Klein could hold key to campaign finance reform



Will this be the year the state reforms its campaign finance law? If Gov. Andrew Cuomo’s track record is any indication, it will be achieved. But the legislation has to get past one major hurdle: the State Senate. 

Good government groups, including some constituents in favor of campaign finance reform, are focusing their attention on co-majority leader state Sen. Jeff Klein, to get Mr. Cuomo’s proposals passed.

During his lengthy state of the state address in early January, Mr. Cuomo spoke briefly about campaign finance reform, only hinting at the proposals outlined in the 312-page book accompanying his speech. 

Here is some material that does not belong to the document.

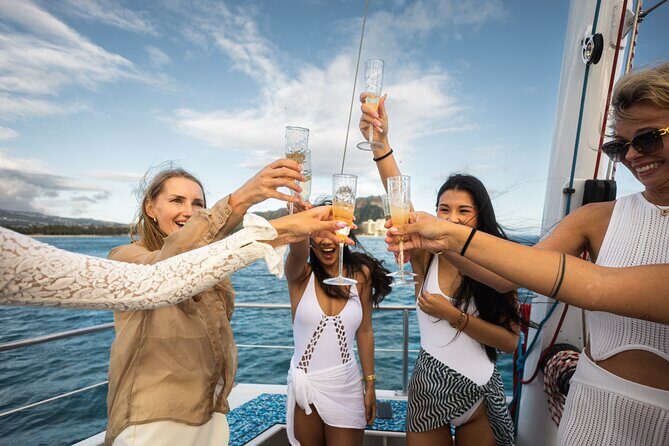 Waikiki Sunset Cruise With Live Music Entertainment from Oahu - Entertainment Options: Live Hawaiian Music, Jazz, or DJ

Among the changes he outlined is a requirement for campaign committees to disclose any contributions of more than $500 within 48 hours, or within 24 hours as Election Day draws closer. He also called for making ballots more readable, lowering contribution limits, instituting early voting and for a new enforcement unit to crack down on infractions, as well as for public financing of campaigns and closing loopholes that allow companies to exceed contribution limits by giving from a variety of LLCs. 

Even the Cliffs Notes version above is enough to put the most politically savvy constituent to sleep. But Mr. Cuomo’s aggressive proposal would completely transform the way elections are run in New York. 

“The problem is not just that elections are too expensive; the problem is that average New Yorkers are not the main source of campaign funds and thus have a limited voice in our elections,” reads Mr. Cuomo’s State of the State book.

Immediately after he announced the plan, good government groups jumped for joy, releasing statements of support. Now, they’re urging Mr. Klein to act.

“We’re looking for Sen. Klein to step forward and take the lead on this as he has with minimum wage,” Stephen Pampinella of Fair Elections for New York said.

For some constituents who have been wary of the coalition Mr. Klein and his Independent Democratic Conference formed with Republicans to rule the Senate, this legislation could help them determine where Mr. Klein’s loyalty lies.